While all of these(and the rest of the DPRKs Arsenal) are derived from the Scud, They are each designed to do different things. The Hwasong-6 for example, has a longer range but a payload of only 700 kg. The Hwasong-7 has a range of 800 km but has an even further reduced 500 kg payload. Only the Nodong and the Hwasong-5 are capable of carrying the 1000 kg payload experts estimate is needed to accommodate a nuclear warhead.
Advantages of the Hwasong-5
The Hwasong-5 has the range to threaten he Seventh Air Force base in Osan and the U.S Eighth Army base in Seoul. Currently, the Hwasong-5s are based in Sariwŏn, Shin’gye-kun and Kumcheon near the DMZ.
Downfalls of the Hwasong-5
The problem with using the Hwasong-5 is not only its limited strike range of 320 km, but its vulnerability. Short range ballistic missiles are much easier to shoot down than their longer range counterparts due to both their lower speed and altitude. The PAC-2 and 3 Patriot missiles that South Korean and U.S Forces currently field are equal to; or more advanced than the missiles that destroyed 8 out 9 ballistic missiles launched by Iraq during Operation Iraqi Freedom. (The remaining missile was deemed a probable kill.)

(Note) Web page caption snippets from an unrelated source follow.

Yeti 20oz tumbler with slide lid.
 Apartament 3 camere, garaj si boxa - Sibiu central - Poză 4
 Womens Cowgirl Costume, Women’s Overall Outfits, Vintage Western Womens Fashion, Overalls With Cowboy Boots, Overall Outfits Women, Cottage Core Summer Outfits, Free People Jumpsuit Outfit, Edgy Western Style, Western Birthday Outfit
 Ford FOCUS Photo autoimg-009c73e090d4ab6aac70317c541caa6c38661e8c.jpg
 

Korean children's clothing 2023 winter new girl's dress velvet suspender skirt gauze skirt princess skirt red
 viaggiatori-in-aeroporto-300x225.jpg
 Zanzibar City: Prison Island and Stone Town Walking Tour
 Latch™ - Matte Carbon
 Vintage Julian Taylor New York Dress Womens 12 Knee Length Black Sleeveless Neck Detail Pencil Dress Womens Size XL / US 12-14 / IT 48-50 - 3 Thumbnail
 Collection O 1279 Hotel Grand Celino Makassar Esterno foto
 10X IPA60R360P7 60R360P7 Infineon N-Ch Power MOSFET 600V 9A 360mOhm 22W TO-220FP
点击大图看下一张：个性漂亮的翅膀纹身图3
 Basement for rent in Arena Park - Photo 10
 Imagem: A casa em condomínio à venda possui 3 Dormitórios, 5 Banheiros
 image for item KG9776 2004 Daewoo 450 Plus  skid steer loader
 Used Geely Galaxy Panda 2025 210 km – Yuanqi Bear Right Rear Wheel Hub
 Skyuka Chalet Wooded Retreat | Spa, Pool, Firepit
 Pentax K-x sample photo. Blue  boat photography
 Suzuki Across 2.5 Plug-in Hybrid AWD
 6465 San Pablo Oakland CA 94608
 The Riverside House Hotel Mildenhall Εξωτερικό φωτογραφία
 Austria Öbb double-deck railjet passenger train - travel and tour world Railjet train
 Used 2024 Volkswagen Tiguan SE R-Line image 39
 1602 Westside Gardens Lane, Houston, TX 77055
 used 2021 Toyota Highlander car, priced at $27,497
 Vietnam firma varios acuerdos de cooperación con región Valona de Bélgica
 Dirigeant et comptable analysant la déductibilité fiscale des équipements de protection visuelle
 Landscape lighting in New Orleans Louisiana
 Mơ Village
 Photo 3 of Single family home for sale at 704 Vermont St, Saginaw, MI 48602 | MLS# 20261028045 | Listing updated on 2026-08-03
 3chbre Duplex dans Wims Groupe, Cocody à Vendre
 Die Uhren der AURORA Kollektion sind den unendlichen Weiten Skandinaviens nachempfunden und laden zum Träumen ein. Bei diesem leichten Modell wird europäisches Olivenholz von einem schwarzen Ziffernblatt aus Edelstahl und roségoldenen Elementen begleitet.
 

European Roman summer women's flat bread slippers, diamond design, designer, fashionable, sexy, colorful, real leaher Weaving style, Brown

The Nodong missiles in Yŏngjŏ-ri, and installations like Komdok-san in North Hamgyŏng Province have the ability to target all major military facilities and cities in South Korea. The Nodong can avoid anti-missile systems by launching at a higher angle and flying over the Patriots intercept envelope; but this comes at a cost.
Problems with the Nodong
The Nodongs launch sites are more limited by it’s minimum range. In the modified high angle launch configuration it’s minimum flight distance is still 650 km. In order to hit Kunsan,the Nodongs would have to be transported from Yŏngjŏ-ri Missile Base 50km north to Chunggang village for launch. To hit Osan or Seoul, the Nodongs must be driven from their bases and fired from near the Chinese border in Korea’s northeast.
If you want to actually destroy an important target like the hardened aircraft shelters at Osan Air base, a low yield nuclear device striking somewhere in the vicinity simply isn’t going to cut it.However, accuracy with nuclear weapons is not as important if your targets are entire cities.
Being derived from 80 year old technology, the Hwasong-5 and Nodong are not the most accurate weapons. The Hwasong-5 has a CEP of 1000 meters, while the Nodong is believed to have a 2000 meter CEP at 1300 km .For comparison, the 1980s vintage Pershing II had a 30m CEP at 1770km.
Although extremely vulnerable to anti-missile systems and preemptive strike, North Korea does have at least two potential nuclear missiles.While not militarily effective(in the strict sense), in the hands the DPRK the Scud could return to it’s roots as a terror weapon. Like the Nazis’ V-2 threatened London, the North Koreans could use it’s grandson to threaten Seoul; using political terror to keep the regime afloat.